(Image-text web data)

::::::::::

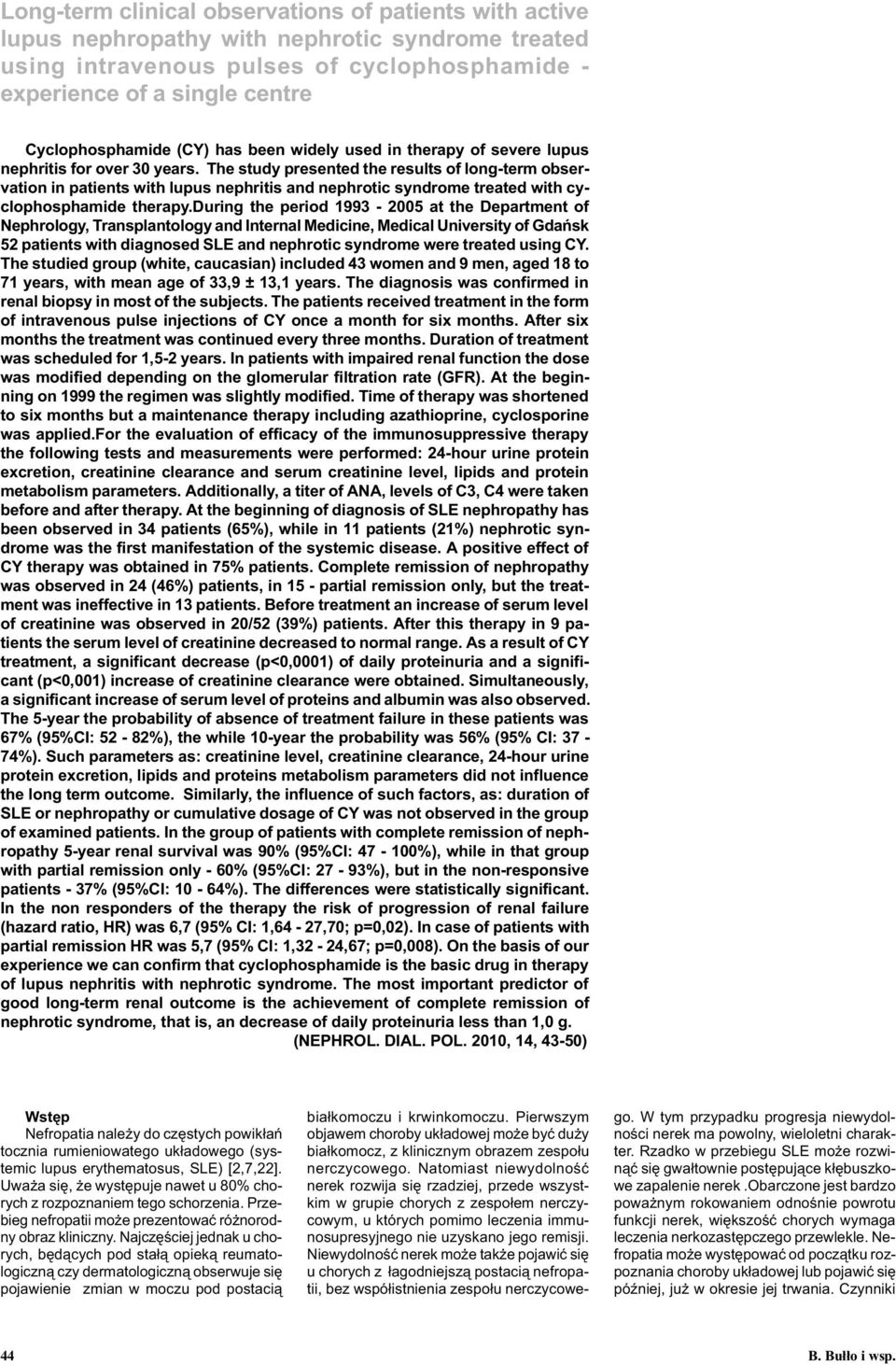 The study presented the results of long-term observation in patients with lupus nephritis and nephrotic syndrome treated with cyclophosphamide therapy.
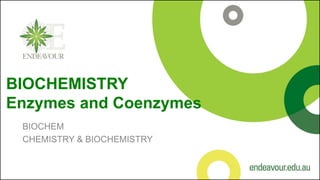 BIOCHEMISTRY
Enzymes and Coenzymes
BIOCHEM
CHEMISTRY & BIOCHEMISTRY
 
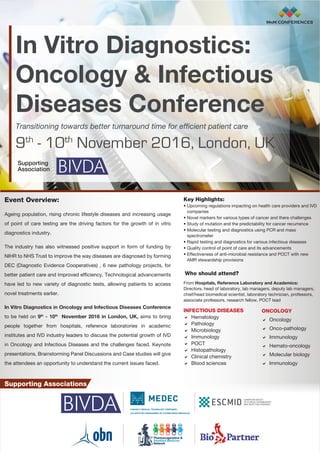For more information please contact Ajay at
ajay.nimbalkar@mnmconferences.com | +91 20 3010 8285 MnM CONFERENCES
In Vitro Diagnostics:
Oncology & Infectious Diseases Conference
9th
- 10th
November 2016, London, UK
Event Overview:
Ageing population, rising chronic lifestyle diseases and increasing usage
of point of care testing are the driving factors for the growth of in vitro
diagnostics industry.
The industry has also witnessed positive support in form of funding by
NIHR to NHS Trust to improve the way diseases are diagnosed by forming
DEC (Diagnostic Evidence Cooperatives) , 6 new pathology projects, for
better patient care and improved efficiency. Technological advancements
have led to new variety of diagnostic tests, allowing patients to access
novel treatments earlier.
In Vitro Diagnostics in Oncology and Infectious Diseases Conference
to be held on 9th
- 10th
November 2016 in London, UK, aims to bring
people together from hospitals, reference laboratories in academic
institutes and IVD industry leaders to discuss the potential growth of IVD
in Oncology and Infectious Diseases and the challenges faced. Keynote
presentations, Brainstorming Panel Discussions and Case studies will give
the attendees an opportunity to understand the current issues faced.
Key Highlights:
• Upcoming regulations impacting on health care providers and IVD
companies
• Novel markers for various types of cancer and there challenges
• Study of mutation and the predictability for cancer recurrence
• Molecular testing and diagnostics using PCR and mass
spectrometer
• Rapid testing and diagnostics for various infectious diseases
• Quality control of point of care and its advancements
• Effectiveness of anti-microbial resistance and POCT with new
AMR stewardship provisions
Who should attend?
From Hospitals, Reference Laboratory and Academics:
Directors, head of laboratory, lab managers, deputy lab managers,
chief/head biomedical scientist, laboratory technician, professors,
associate professors, research fellow, POCT lead
MnM CONFERENCES
INFECTIOUS DISEASES
 Hematology
 Pathology
 Microbiology
 Immunology
 POCT
 Histopathology
 Clinical chemistry
 Blood sciences
ONCOLOGY
 Oncology
 Onco-pathology
 Immunology
 Hemato-oncology
 Molecular biology
 Immunology
In Vitro Diagnostics:
Oncology  Infectious
Diseases Conference
Transitioning towards better turnaround time for efficient patient care
9th
- 10th
November 2016, London, UK
Supporting
Association
Supporting Associations
 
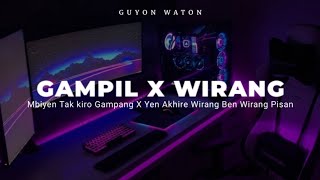 Download lagu DJ GAMPIL X WIRANG - GUYON WATON (DJ MBIYEN TAK KIRO GAMPANG VIRAL TIKTOK) mp3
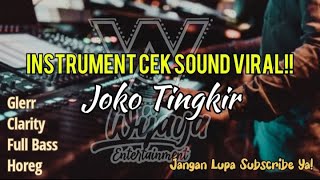 JOKO TINGKIR INSTRUMEN CEK SOUND VIRAL!! - TERBARU 2022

::::::::::

*What you will do:* Return each line above where the word "testing" shows up.

*Task answer:*
of point of care testing are the driving factors for the growth of in vitro
• Molecular testing and diagnostics using PCR and mass
• Rapid testing and diagnostics for various infectious diseases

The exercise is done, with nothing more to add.